SUPPLIED INFORMATION Start Marker

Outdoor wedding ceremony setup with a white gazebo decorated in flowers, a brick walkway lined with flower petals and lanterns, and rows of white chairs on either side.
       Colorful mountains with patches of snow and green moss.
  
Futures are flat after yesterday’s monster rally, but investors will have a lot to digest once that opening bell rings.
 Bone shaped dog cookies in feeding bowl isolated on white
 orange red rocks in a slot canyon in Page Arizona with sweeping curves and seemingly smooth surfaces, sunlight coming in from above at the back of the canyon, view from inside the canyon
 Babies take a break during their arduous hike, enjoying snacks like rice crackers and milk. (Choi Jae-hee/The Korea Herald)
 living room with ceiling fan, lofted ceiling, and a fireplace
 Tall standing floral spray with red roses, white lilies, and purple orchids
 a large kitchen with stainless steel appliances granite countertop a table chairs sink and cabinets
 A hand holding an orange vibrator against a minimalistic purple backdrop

SUPPLIED INFORMATION End Marker

- PROBLEM TO WORK ON
Your task is to reproduce the entries exactly, starting at the first line and ending with the line containing "Futures are flat".

- TASK RESPONSE
Outdoor wedding ceremony setup with a white gazebo decorated in flowers, a brick walkway lined with flower petals and lanterns, and rows of white chairs on either side.
       Colorful mountains with patches of snow and green moss.
  
Futures are flat after yesterday’s monster rally, but investors will have a lot to digest once that opening bell rings.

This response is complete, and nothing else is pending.